Work to be completed:
In the entries that follow, find the line containing "Haus kaufen in" and the line containing "SHITET APARTAMENT NE", then retype exactly the lines from the first through the second, pictures excluded.

(Material for this task begins)

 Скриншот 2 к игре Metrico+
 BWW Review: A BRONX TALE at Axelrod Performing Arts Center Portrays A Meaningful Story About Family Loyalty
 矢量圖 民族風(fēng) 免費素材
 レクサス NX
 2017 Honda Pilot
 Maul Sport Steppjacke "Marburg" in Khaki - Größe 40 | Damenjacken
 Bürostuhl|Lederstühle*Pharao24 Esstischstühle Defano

(Material for this task ends)
(Material for this task begins)

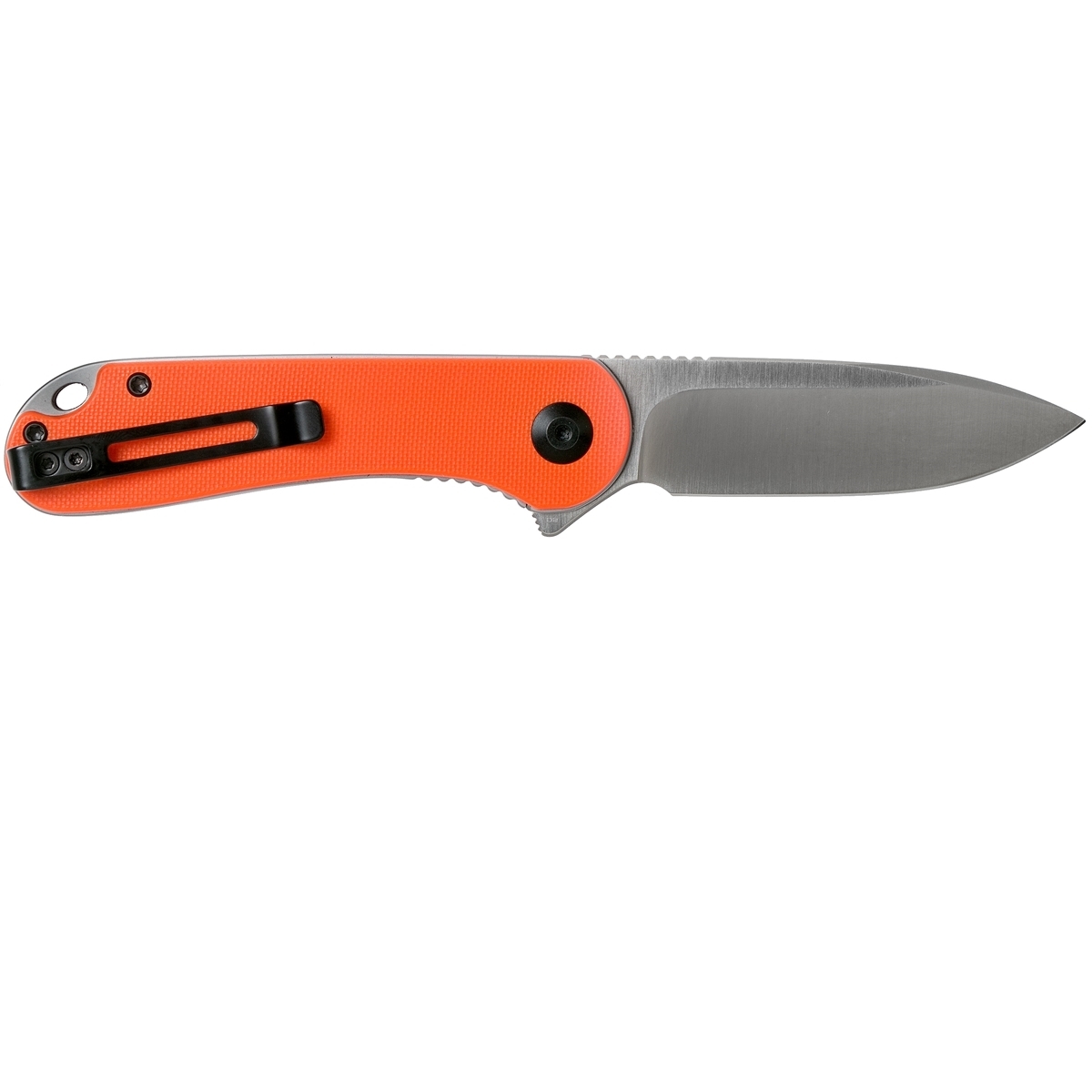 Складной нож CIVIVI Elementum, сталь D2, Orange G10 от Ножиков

(Material for this task ends)
(Material for this task begins)

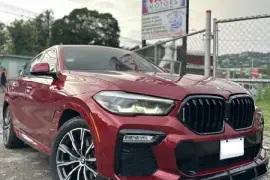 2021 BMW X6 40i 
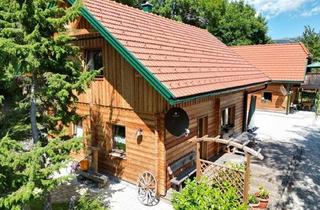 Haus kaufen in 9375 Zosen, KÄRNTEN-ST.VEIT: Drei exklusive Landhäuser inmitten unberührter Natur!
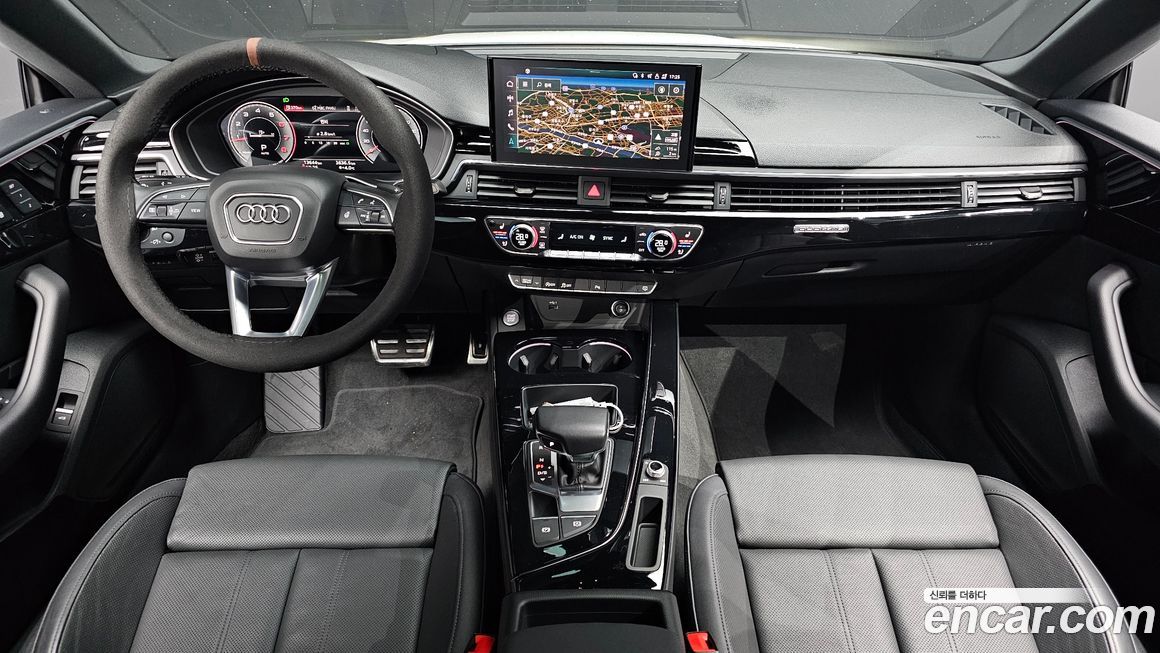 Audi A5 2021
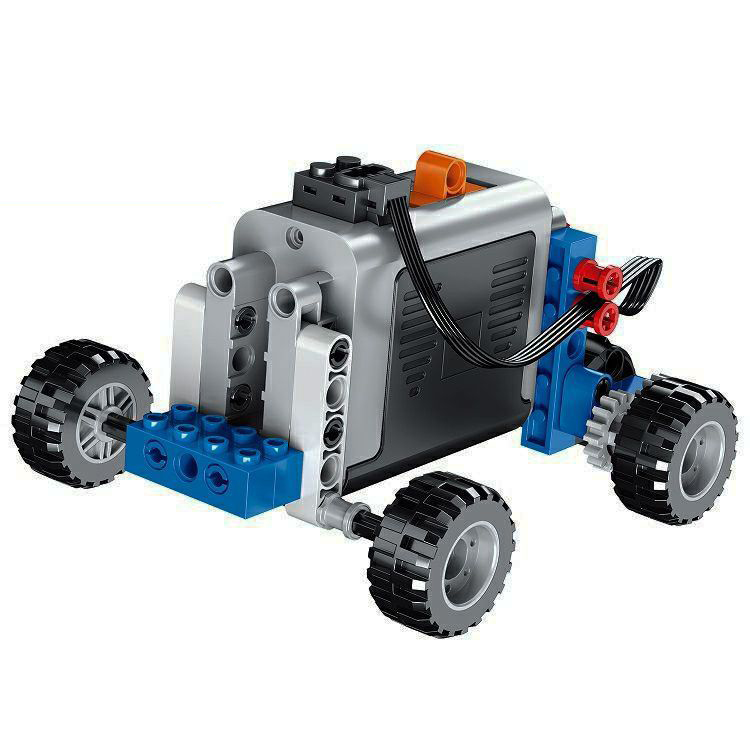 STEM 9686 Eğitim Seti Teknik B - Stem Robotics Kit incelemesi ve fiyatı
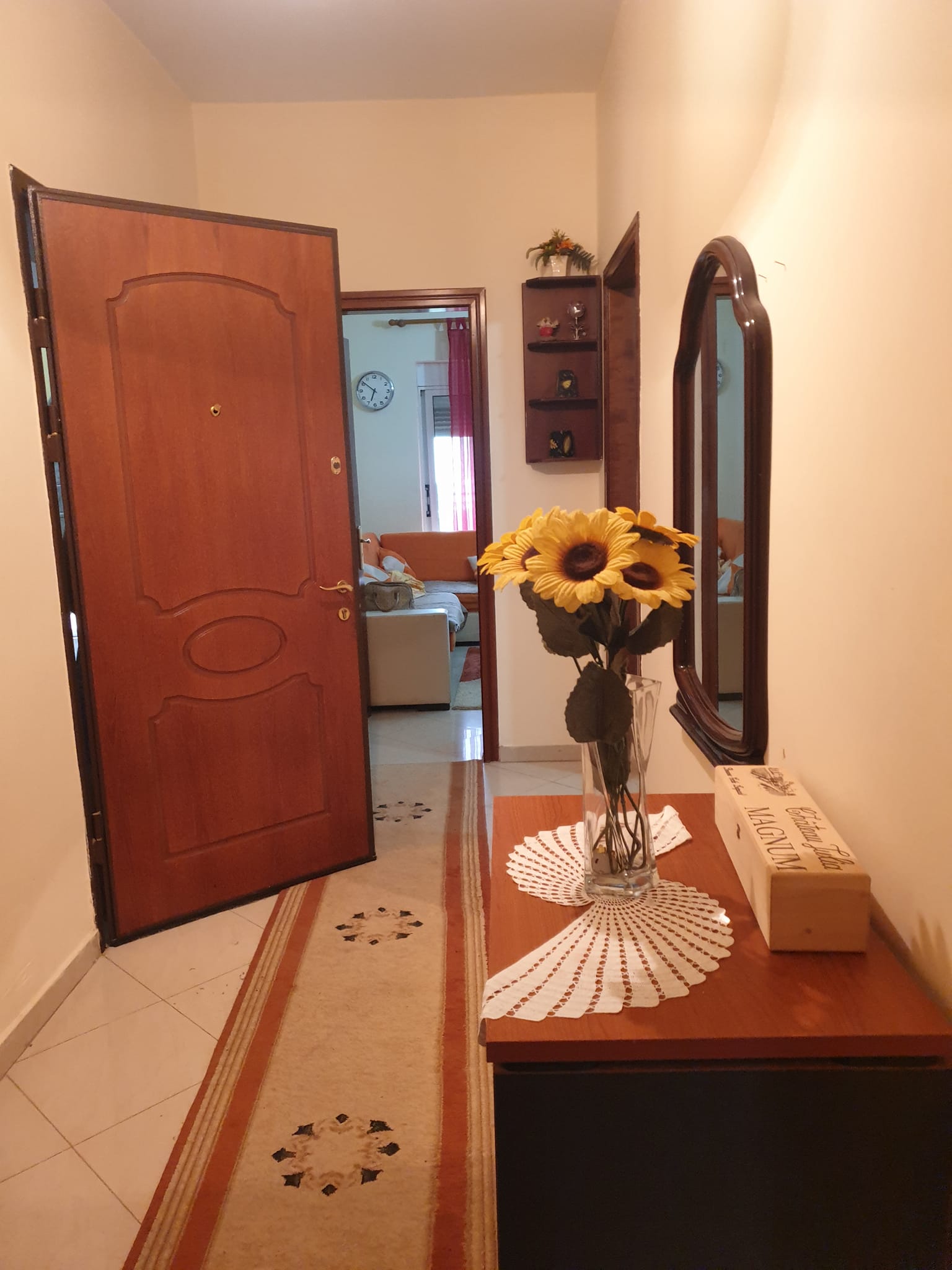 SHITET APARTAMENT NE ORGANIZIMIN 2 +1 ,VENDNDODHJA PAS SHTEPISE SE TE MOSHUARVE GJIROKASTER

(Material for this task ends)

Written solution:
 Haus kaufen in 9375 Zosen, KÄRNTEN-ST.VEIT: Drei exklusive Landhäuser inmitten unberührter Natur!
 Audi A5 2021
 STEM 9686 Eğitim Seti Teknik B - Stem Robotics Kit incelemesi ve fiyatı
 SHITET APARTAMENT NE ORGANIZIMIN 2 +1 ,VENDNDODHJA PAS SHTEPISE SE TE MOSHUARVE GJIROKASTER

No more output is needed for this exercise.